Evan HarpDec 15, 2021
2021-12-15

ESG investing continues to gain importance. Even investors who don’t politically align with many of the principals behind ESG understand that systemic risk can impact returns and that the smart money is on companies that can mitigate systemic risk.

As Brad McMillan notes for Forbes, “To use an appropriate metaphor, historically we have looked at companies (i.e., trees) without looking at the wider economy (i.e., the forest). And that made sense, because historically the trees could thrive independently of the forest. The health of the forest was assumed to be fine, regardless. And if that is the case, why worry about it? What we have learned over the past 20 years, though, is that if the forest is threatened, so are the trees.”

The Invesco S&P Equal Weight Fund (RSP B+) uses a novel strategy of equally weighting allocations across the S&P 500. This diversifies exposure and avoids overweighting. Equal weighting tends to outperform more conventional strategies. Merging that tactic with ESG, as is done with the Invesco ESG S&P Equal Weight Fund (RSPE C), brings together two great flavors of investing.

ESG Is in the Screeners

Despite its surge in popularity, ESG investing is still young, and the methodologies for how it is approached are still evolving. General ESG metrics can be vague and open the door for green-washing, and conversations are ongoing for how to have the most actual impact.

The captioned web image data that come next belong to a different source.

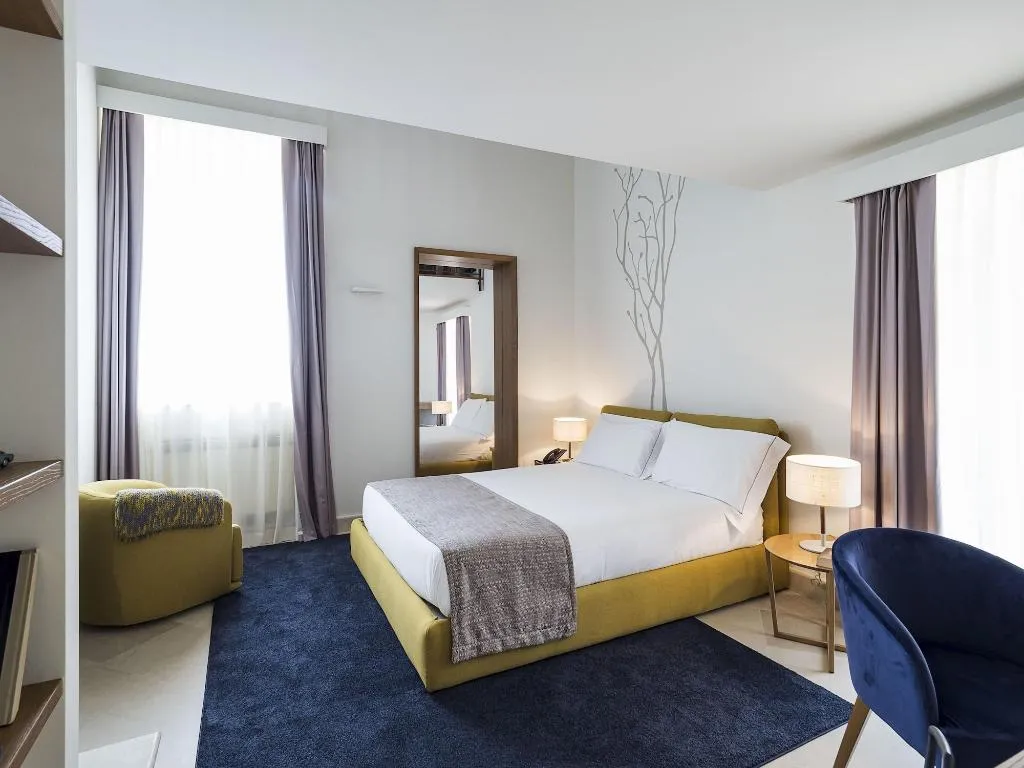 Room, Relais San Giuliano, Catania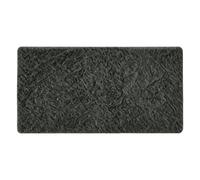 Tapis de sol de piscine - Tapis de sol rectangulaire - Tapis de sol de piscine - Tapis de sol pour piscine, pelouse, extérieur, jardin, terrasse, camping, , béton, ciment, gravier, multi-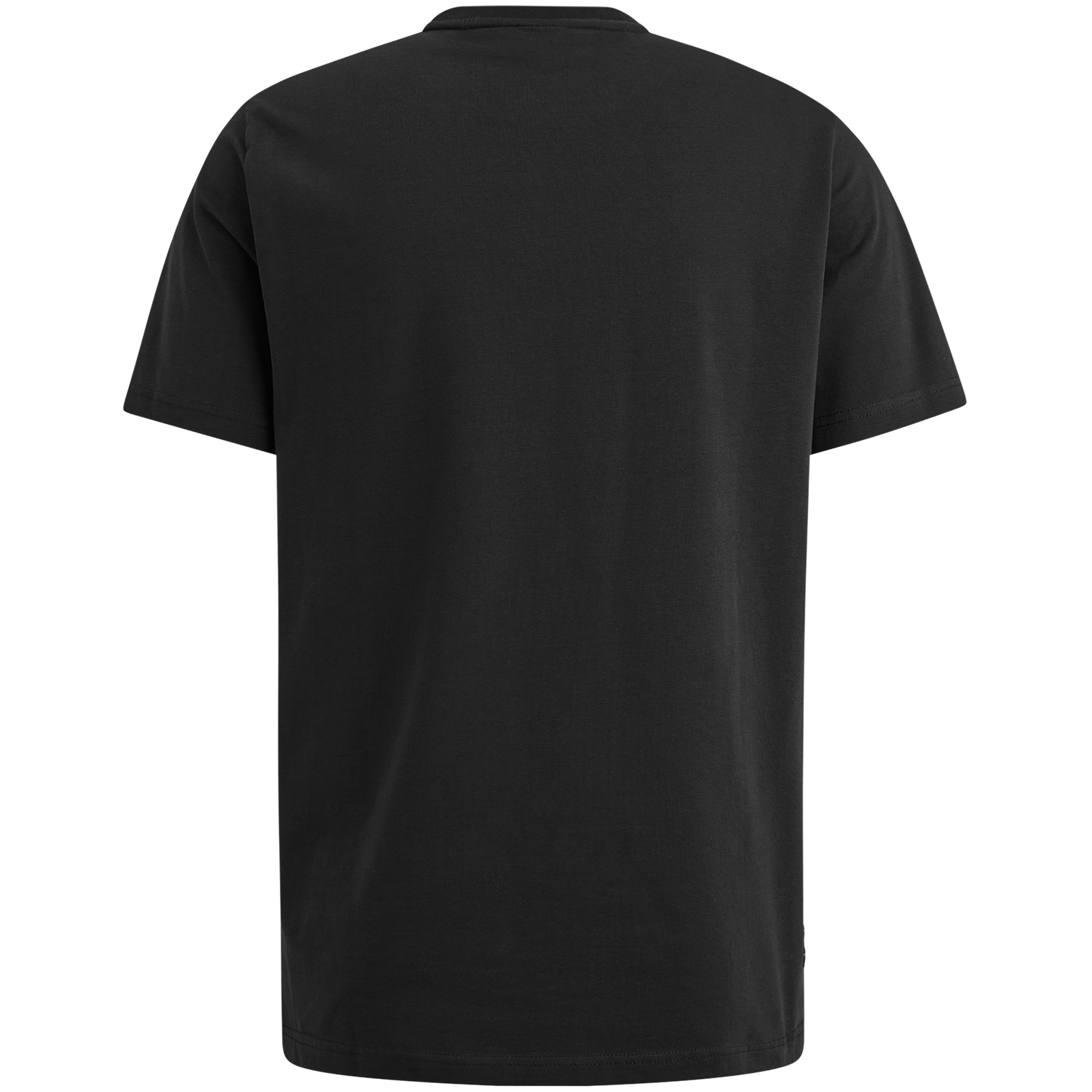 short-sleeve-r-neck-cotton-ela-999-black-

This is why RSPE’s ESG methodology is particularly impressive. RSPE takes the universe of the S&P 500 and screens out an array of companies based on a granular list of exclusions that includes:

  • Arctic oil & gas exploration
  • Alcoholic beverages
  • Assault weapons
  • Cannabis production or distribution
  • Controversial weapons
  • Genetically modified plants and seeds
  • Gambling
  • Military contracting
  • Nuclear power
  • Oil and gas exploration, production, generation, refinement, transportation, and storage
  • Oil sands extraction
  • Palm oil production and distribution
  • Pesticides
  • Riot control weapons
  • Shale energy extraction
  • Small arms
  • Thermal coal
  • Tobacco

This specificity gets around some of the issues that broader ESG screeners fall into, where oil and gas companies can end up in ESG funds on a technicality, or environmentally conscious weapons firms can sneak into an ESG index that only focuses on the environment.

RSPE also retains the same advantage of broad, diversified exposure that makes RSP such an effective fund.

Sustainable investing currently sits at $8 trillion today. According to an article in Barron’s, it could reach $30 trillion by the end of the decade.